THIS is where most problems occur in the workplace.
And when those problems occur it’s YOUR responsibility to sort them out, you have to own the situation.
It’s the fundamental thing we do as we progress though our career to ensure the team works to its potential.
And yet nobody seems to talk about how to do it well.
Of course you may have underperforming staff but in my experience almost nobody comes to work to do a bad job. If they are trying and working hard they will succeed but they need your help.
Yet too often staff fail to get that help.
I’ve seen (and experienced) too many line managers who
- Give no clarity over what is expected
- Fail to turn up to meetings
- Use meetings to talk about other things
- Show no interest in the work to be done
And yet they persist in thinking they are great managers so it must be the staff member who’s failing.
SO what are the principles for building an effective line management practice?
1. CLARITY: Don’t be the line manager who does not know what they want their staff to do.
What is it that needs to be done? This is indispensable.
Define success. Write it down, share, discuss and agree. You can’t be vague and say we’ll know it when we see it because your definition of success may be very different to what the team member defines. Draw a clear line between what they are doing and the big strategic impact you are trying to make.
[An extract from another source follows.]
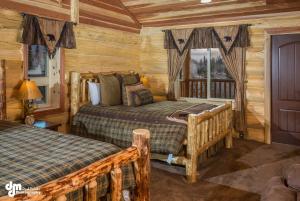 Postel nebo postele na pokoji v ubytování Alaska Knotty Pine B&B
2. LET THEM GET ON WITH IT
Trust them but understand HOW they intend to do this work. If that approach doesn’t feel right then talk it through BEFORE they get started. Do not micromanage (see last week’s article). It’s debilitating for you and them and forces you into doing a lot unnecessary work.
3. MAKE SURE THEY HAVE THE TOOLS THEY NEED FOR SUCCESS
This may be a budget or access to other team members or knowing the system. I know this is obvious but it is so easily forgotten. Things change over time so the budget may not be enough or unforeseen problems arise so talk about this regularly. Advocate your team member’s work to the rest of the team or the wider stakeholder environment to reduce the obstacles they face.
4. MEET REGULARLY
Again obvs but I have had line managers I barely ever saw which left me in the dark over what was actually required. Make sure the agenda is focused on moving plan forward.
This will help you understand what is really going on and build the mutual respect essential for a successful working relationship.
6. ACCOUNTABILITY: The 50/50 balance
Your job is to give guidance, monitor, support and problem solve. Their job is to do the work to the standard agreed. Again this requires clarity about your role in all this. Don’t do too much or do too little to keep the relationship in balance.
7. INVEST IN THE RELATIONSHIP
This does not mean fluffy expressions of concern but treating the individual as the unique and capable person they are. Talk about the future positively, identify developmental opportunities and give them belief that their work is properly and professionally valued.
8. TALK ABOUT THE NEGATIVES EARLY
Any negative stuff should be done face to face. If milestones or outcomes are not being met talk about why as soon as possible. A straight line manager is an effective line manager because they build trust as they call the positives and the negatives in a consistent manner.
If a disciplinary is ultimately required then you can at least demonstrate you have managed the situation professionally and your butt is covered.
Follow this framework and it should not come to that.
Good luck and I hope you found this helpful.